By Ephrat Livni New York Times

The U.S. Embassy in Riyadh, Saudi Arabia, was attacked by two drones according to initial estimates from the Saudi Ministry of Defense in a statement early Tuesday, as Iran appeared to be expanding its assault on American allies in the region.

The ministry said there was “limited fire and minor material damage to the building.” However, the embassy warned people to avoid the location, saying there had been “an attack on the facility” and issued a security alert and a shelter in place notification for the cities of Jeddah, Riyadh and Dhahran.

“We recommend American citizens in the Kingdom to shelter in place immediately,” it said, noting that it was limiting “nonessential travel to any military installations in the region.”

The embassy’s announcement came as nations across the Middle East hosting U.S. military bases were facing Iran’s ire following the U.S.-Israeli war on Iran that began Saturday and that has killed many top military and political officials in Iran, including the country’s supreme leader, Ayatollah Ali Khamenei.

Riyadh had been spared the spate of attacks that had rocked other Gulf cities including, Dubai in the United Arab Emirates, and Manama, the capital of Bahrain.
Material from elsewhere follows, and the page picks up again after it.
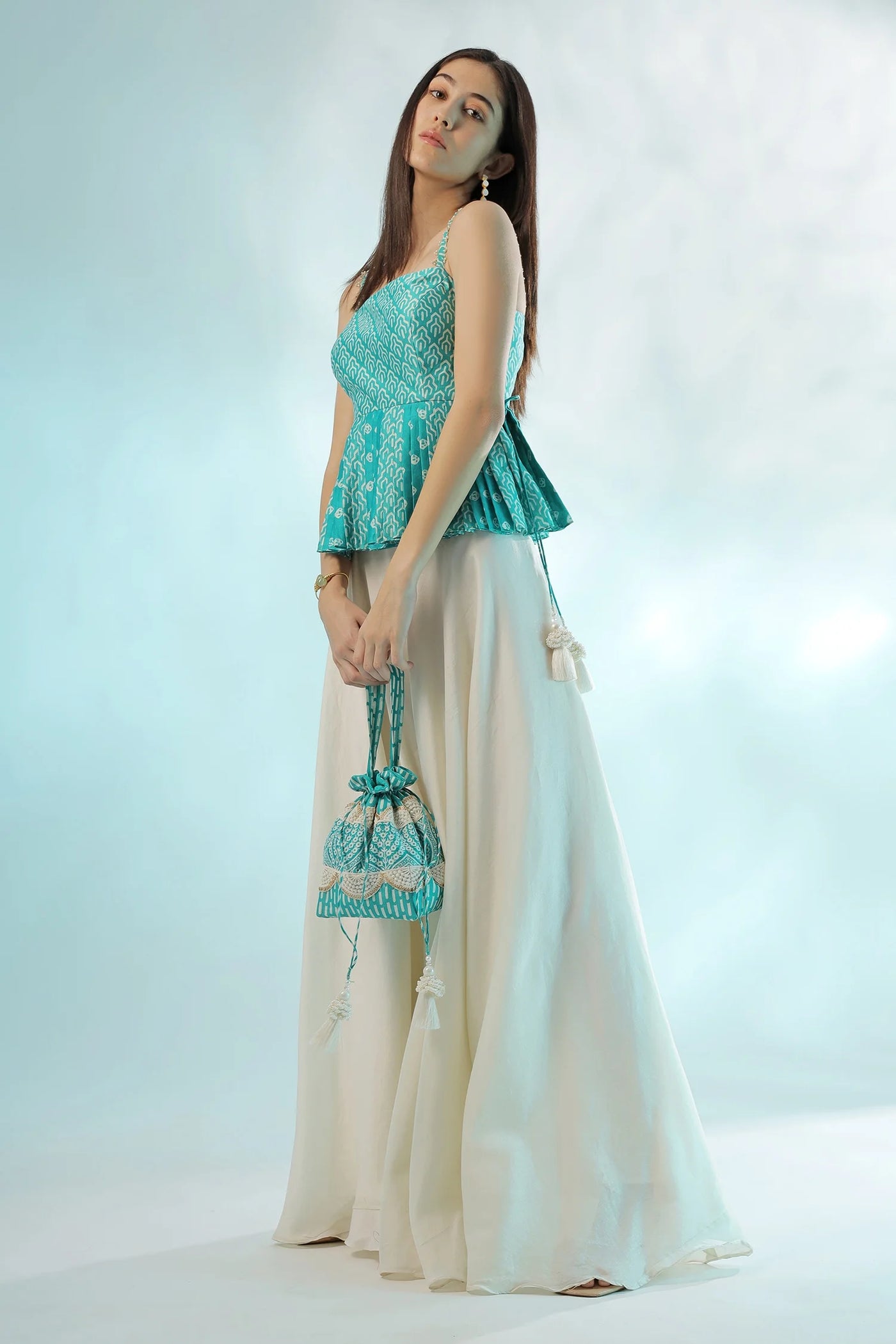 Blue Chanderi Peplum Palazzo Set Indian Clothing in Denver, CO, Aurora, CO, Boulder, CO, Fort Collins, CO, Colorado Springs, CO, Parker, CO, Highlands Ranch, CO, Cherry Creek, CO, Centennial, CO, and Longmont, CO. NATIONWIDE SHIPPING USA- India Fashion X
Most of the city’s embassies, including the U.S. Embassy, are in a secluded, heavily secured and gated neighborhood called the Diplomatic Quarters.

But the fortifications there were built to prevent risks such as suicide attacks, not drones.
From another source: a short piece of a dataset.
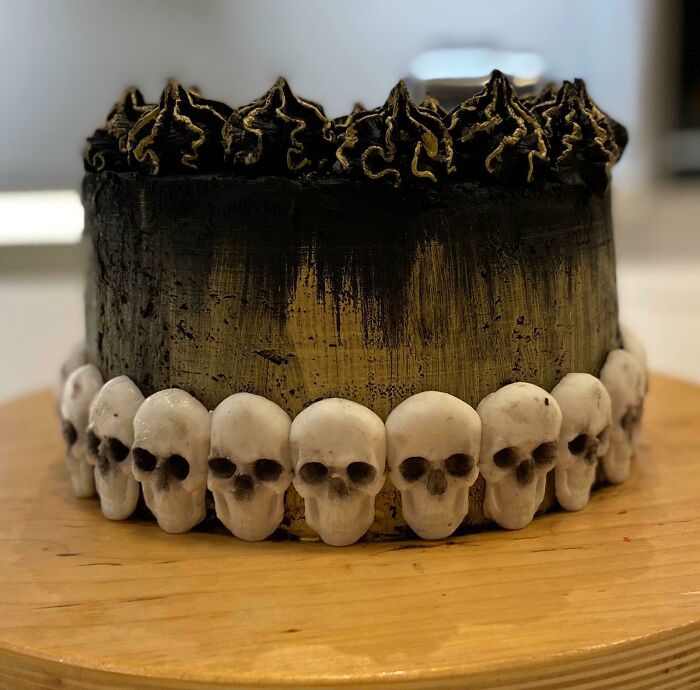 Spooky Black Velvet Halloween Cake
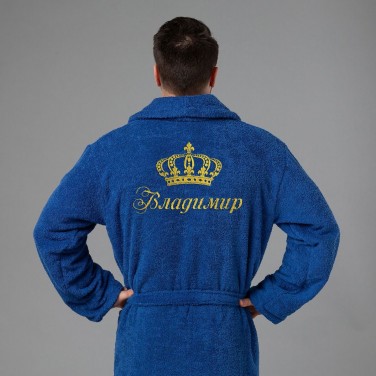Мужской халат с вышивкой Император (синий)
Iran has fired hundreds of missiles and drones at Gulf States in retaliation after the barrage of U.S. and Israeli strikes over the past three days. The majority of the Iranian attacks were intercepted, according to the governments of the gulf countries.

At least four people were killed and more than 100 others were injured in the attacks across the United Arab Emirates, Kuwait, Qatar, Bahrain and Oman as of Sunday, according to official reports tallied by the New York Times.
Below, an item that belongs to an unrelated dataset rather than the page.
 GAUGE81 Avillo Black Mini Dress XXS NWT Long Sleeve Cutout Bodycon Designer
The toll of the fighting on U.S. service members also rose Monday, with six military personnel killed in the fighting, according to U.S. Central Command.

Iran has launched at least 390 missiles and 830 drone attacks across the Persian Gulf, home to several U.S. military bases, according to government reports. The United States Central Command said Sunday that Iran had attacked more than a dozen locations in the region, including civilian centers like airports, hotels and residential areas.

Early Tuesday, the United Arab Emirates’ ministry of defense said on social media that the Emirates’ air defenses were “dealing with a barrage of ballistic missiles coming from Iran.”

Similarly, the defense ministry of Bahrain said its air defense systems have successfully destroyed and downed 70 missiles and 76 drones from Iran since the conflict began.

Sirens also sounded in Israel and the military sent residents in several areas there to shelters after saying it detected launches from Iran for about an hour early Tuesday. The U.S. Embassy in Jerusalem had on Monday directed that all U.S. government employees and their family members continue to shelter in place in and near their residences until further notice, and said it would be closed Tuesday.

The hostilities in the region have left travelers scrambling. In recent days, airstrikes forced the closure of airports in Dubai, Abu Dhabi and Doha, Qatar. In Dubai, the largest Emirati city and the business and tourism capital of the Middle East, five-star hotels have caught fire, explosions have shattered the windows of apartment towers and the emirate’s bustling international airport was damaged, injuring four people.

The United States and Israel are also continuing to target Iran. Israel said it had targeted the Iranian regime’s broadcaster in Tehran around midnight.

In a post on social media Tuesday in the Middle East, U.S. Central Command said “this morning, U.S. forces are hitting Iran surgically, overwhelmingly, and unapologetically.”